Product Overview
Delius wrote Appalachia --The American Rhapsody, a 40-minute tone-poem for full orchestra, chorus and soloists, in 1896 and significantly revised it in 1904. He considered it not only one of his best works, but one in which he had expressed himself most completely. His artistic development, he asserted, was spurred by the plantation songs carried down the river to him at Solano Grove: ‘They showed a truly wonderful sense of musicianship and harmonic resource in which they treated a melody, and hearing their singing in such romantic surroundings it was then and there that I first felt the urge to express myself in music.’ The singers of whom he spoke were the African Americans who tended crops or loaded cargo onto ships, just one generation removed from the Civil War and emancipation, many with personal memories of the tragedy of slavery.

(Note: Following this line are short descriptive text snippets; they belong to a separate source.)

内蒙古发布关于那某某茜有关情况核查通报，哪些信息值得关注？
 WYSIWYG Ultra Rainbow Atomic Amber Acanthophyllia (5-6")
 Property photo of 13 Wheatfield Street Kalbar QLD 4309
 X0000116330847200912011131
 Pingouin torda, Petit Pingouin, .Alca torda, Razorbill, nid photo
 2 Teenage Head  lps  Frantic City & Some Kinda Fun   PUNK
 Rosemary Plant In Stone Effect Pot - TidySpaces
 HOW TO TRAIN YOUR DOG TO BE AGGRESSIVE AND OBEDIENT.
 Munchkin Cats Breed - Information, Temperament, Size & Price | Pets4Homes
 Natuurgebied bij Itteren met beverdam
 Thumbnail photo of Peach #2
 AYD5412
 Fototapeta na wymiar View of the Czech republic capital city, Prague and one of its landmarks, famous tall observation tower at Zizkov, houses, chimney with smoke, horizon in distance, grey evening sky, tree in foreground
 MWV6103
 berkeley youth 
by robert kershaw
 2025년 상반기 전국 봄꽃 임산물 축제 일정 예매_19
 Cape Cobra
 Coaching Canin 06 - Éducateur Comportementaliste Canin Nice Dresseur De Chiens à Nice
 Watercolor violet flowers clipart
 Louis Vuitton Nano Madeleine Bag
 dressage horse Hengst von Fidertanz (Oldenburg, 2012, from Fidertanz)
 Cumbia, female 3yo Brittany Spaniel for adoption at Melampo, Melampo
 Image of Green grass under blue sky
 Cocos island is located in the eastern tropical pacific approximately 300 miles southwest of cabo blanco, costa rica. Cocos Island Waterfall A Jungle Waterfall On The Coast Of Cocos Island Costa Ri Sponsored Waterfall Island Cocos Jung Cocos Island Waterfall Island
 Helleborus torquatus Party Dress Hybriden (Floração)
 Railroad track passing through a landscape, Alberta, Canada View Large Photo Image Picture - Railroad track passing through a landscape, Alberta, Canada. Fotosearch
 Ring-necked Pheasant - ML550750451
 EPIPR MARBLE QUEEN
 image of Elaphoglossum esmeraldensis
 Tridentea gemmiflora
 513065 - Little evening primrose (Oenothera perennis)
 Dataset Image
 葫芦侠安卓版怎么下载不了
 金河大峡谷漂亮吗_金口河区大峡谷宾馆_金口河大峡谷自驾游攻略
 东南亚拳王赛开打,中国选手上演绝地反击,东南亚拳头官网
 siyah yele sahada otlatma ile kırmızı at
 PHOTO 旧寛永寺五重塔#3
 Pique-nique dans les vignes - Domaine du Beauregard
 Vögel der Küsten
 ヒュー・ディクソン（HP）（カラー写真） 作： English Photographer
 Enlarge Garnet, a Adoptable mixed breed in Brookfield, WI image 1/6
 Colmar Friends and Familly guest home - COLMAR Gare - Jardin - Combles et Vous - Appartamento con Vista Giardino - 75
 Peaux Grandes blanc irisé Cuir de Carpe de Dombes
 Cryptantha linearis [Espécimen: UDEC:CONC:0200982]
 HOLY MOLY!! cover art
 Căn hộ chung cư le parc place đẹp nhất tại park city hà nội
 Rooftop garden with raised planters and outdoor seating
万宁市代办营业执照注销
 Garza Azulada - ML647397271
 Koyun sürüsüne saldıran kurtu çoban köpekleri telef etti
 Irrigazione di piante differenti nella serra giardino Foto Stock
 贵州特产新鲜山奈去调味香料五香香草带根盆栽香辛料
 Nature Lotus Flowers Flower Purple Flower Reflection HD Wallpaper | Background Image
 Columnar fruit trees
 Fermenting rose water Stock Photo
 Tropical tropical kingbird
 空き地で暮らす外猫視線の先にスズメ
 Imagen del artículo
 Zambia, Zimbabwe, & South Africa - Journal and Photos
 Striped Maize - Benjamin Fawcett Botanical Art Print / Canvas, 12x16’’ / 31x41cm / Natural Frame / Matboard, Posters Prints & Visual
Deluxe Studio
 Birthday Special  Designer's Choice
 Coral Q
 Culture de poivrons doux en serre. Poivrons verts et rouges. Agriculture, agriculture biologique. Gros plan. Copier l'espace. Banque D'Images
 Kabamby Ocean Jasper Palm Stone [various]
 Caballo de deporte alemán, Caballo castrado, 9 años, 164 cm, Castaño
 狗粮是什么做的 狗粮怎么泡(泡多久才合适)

Delius named it Appalachia believing that to be the Native American word for the entire North American continent. It conjures images of sultry tropical forests draped with Spanish moss, waterways teeming with exotic flowers, and bird songs -- invoking the contradictory feelings of the songs that inspired it: exhilaration, melancholy, and exuberance, culminating in the triumph of human dignity over suffering. Particularly innovative features include:
- Use of the blues-note characteristic ofAfrican-American-derived music, i.e. the lowered third which temporarily transforms the tonic into a minor chord, expressing pathos while introducing harmonic ambiguity and endless possibilities for modulation
- The driving rhythms of work songs.
Wanting to make more of Delius's opus available to today's concert-goers, Marcia Stockton selected excerpts from Appalachia and crafted this arrangement for strings in 2014. The arrangement captures the beauty and flavor of Delius's work in a much shorter piece, translating its complex timbres into a string orchestra's varied palette.